# Instructions to follow:
Without including any images, reproduce each entry exactly.
----------------
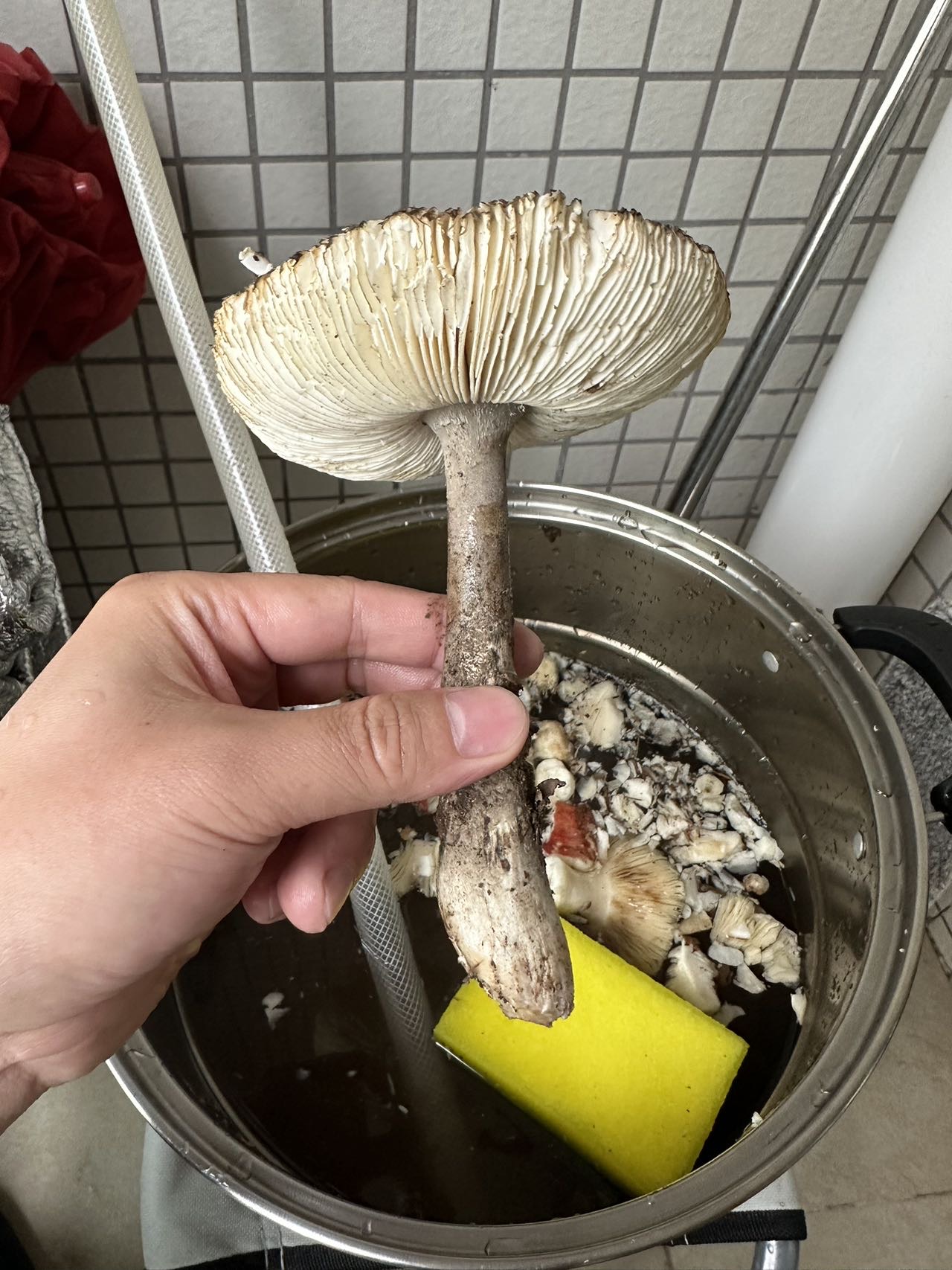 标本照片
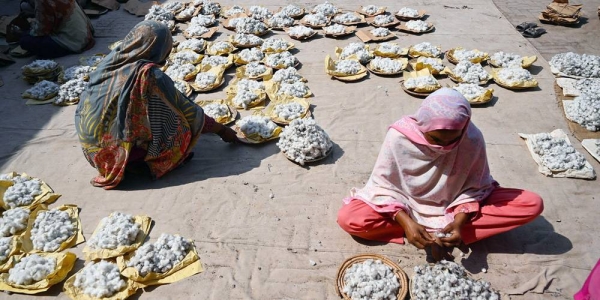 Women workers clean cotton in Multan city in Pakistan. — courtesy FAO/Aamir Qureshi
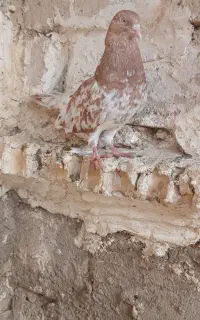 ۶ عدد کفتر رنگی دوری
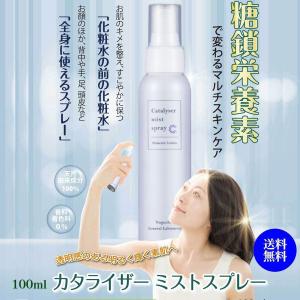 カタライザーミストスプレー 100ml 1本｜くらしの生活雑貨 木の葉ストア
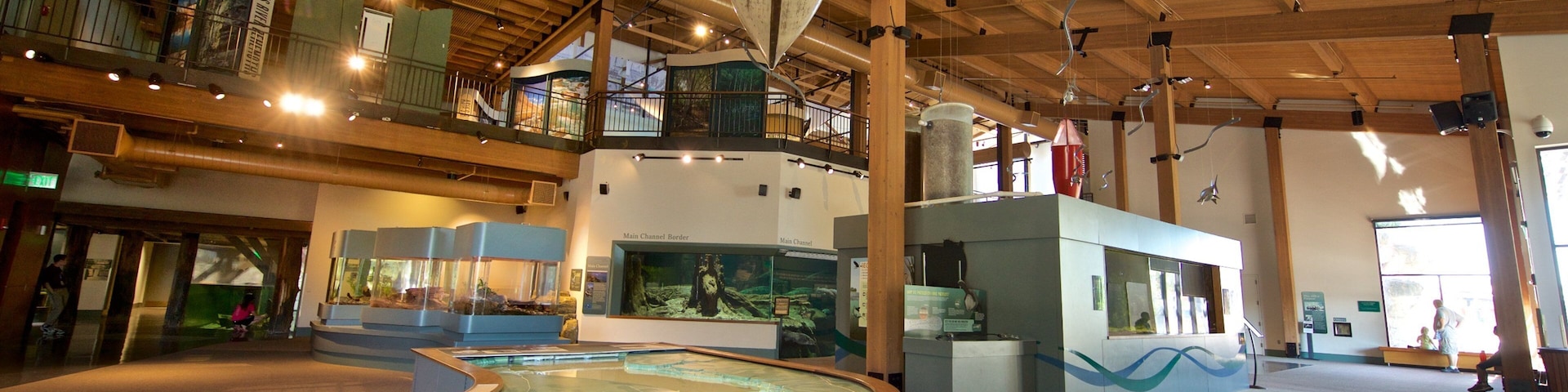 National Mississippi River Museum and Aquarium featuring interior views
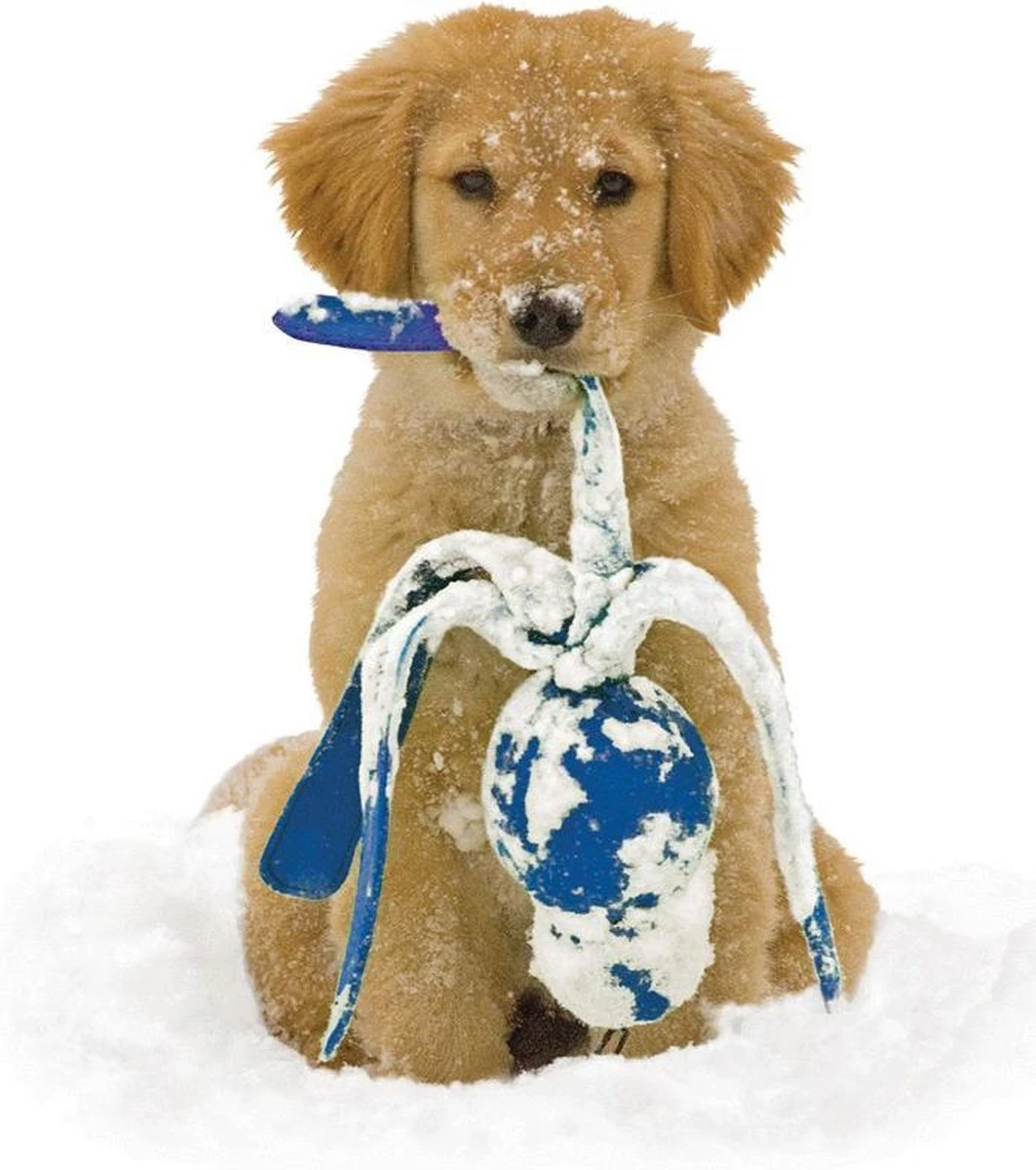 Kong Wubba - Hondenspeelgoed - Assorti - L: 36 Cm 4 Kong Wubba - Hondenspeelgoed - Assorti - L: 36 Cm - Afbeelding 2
----------------
# Output of the exercise:
 标本照片
 Women workers clean cotton in Multan city in Pakistan. — courtesy FAO/Aamir Qureshi
 ۶ عدد کفتر رنگی دوری
 カタライザーミストスプレー 100ml 1本｜くらしの生活雑貨 木の葉ストア
 National Mississippi River Museum and Aquarium featuring interior views
 Kong Wubba - Hondenspeelgoed - Assorti - L: 36 Cm 4 Kong Wubba - Hondenspeelgoed - Assorti - L: 36 Cm - Afbeelding 2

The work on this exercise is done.